If `f(x)=int_(-2)^(x)(t^(4)-bt^(3)+(b+1)t^(2)-bt+b)dt` strictly increases `AAxepsilonR` then no. of integers in range of `b` is

To solve the problem, we need to analyze the function \( f(x) = \int_{-2}^{x} (t^4 - bt^3 + (b+1)t^2 - bt + b) \, dt \) and determine the conditions under which this function is strictly increasing. ### Step-by-Step Solution: 1. **Understanding Strictly Increasing Function**: A function \( f(x) \) is strictly increasing if its derivative \( f'(x) > 0 \) for all \( x \in \mathbb{R} \). 2. **Using the Leibniz Rule**: To find \( f'(x) \), we apply the Leibniz rule for differentiation under the integral sign: \[ f'(x) = \frac{d}{dx} \int_{-2}^{x} (t^4 - bt^3 + (b+1)t^2 - bt + b) \, dt = (x^4 - bx^3 + (b+1)x^2 - bx + b) \] 3. **Setting the Derivative Greater Than Zero**: We need to ensure that: \[ x^4 - bx^3 + (b+1)x^2 - bx + b > 0 \quad \forall x \in \mathbb{R} \] 4. **Analyzing the Polynomial**: The expression can be rearranged as: \[ x^4 + (1-b)x^2 + b - bx^3 - bx > 0 \] We can factor out the common terms: \[ = x^2(x^2 + 1) - bx(x^2 + 1) + b \] This simplifies to: \[ (x^2 - bx + b)(x^2 + 1) > 0 \] 5. **Finding Conditions for Positivity**: Since \( x^2 + 1 > 0 \) for all \( x \), we only need to ensure: \[ x^2 - bx + b > 0 \quad \forall x \in \mathbb{R} \] This is a quadratic in \( x \), and for it to be positive for all \( x \), its discriminant must be less than zero: \[ D = b^2 - 4b < 0 \] Simplifying gives: \[ b(b - 4) < 0 \] 6. **Finding the Range of \( b \)**: The inequality \( b(b - 4) < 0 \) implies: - \( b < 0 \) or \( b > 4 \) gives positive values. - \( 0 < b < 4 \) gives negative values.
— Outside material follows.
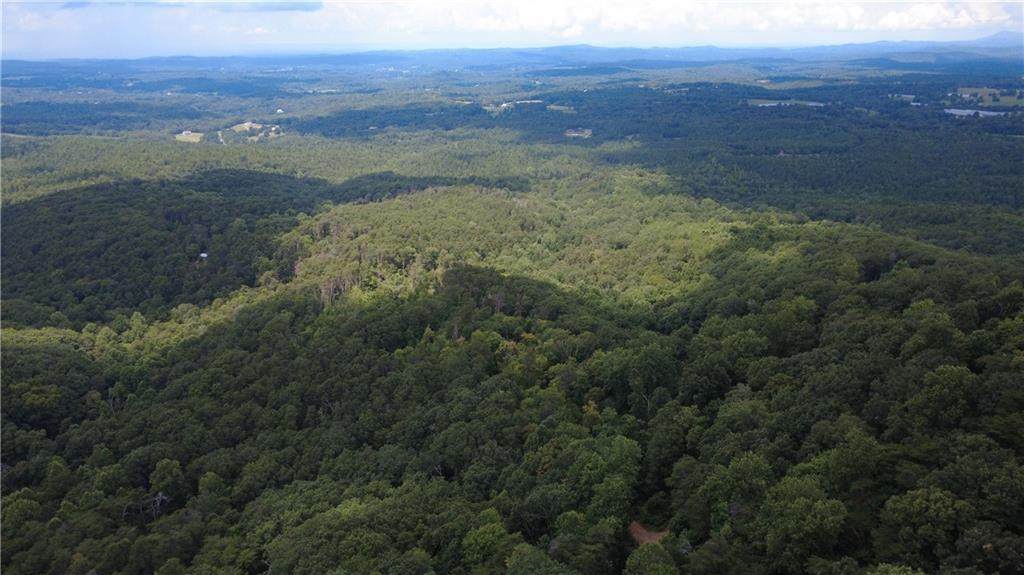 00 Firetower Road - Photo 1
Thus, \( b \) must lie in the interval: \[ 0 < b < 4 \] 7. **Counting the Integer Values**: The integers in the range \( (0, 4) \) are \( 1, 2, 3 \). Therefore, there are **3 integers** in this range. ### Final Answer: The number of integers in the range of \( b \) is **3**.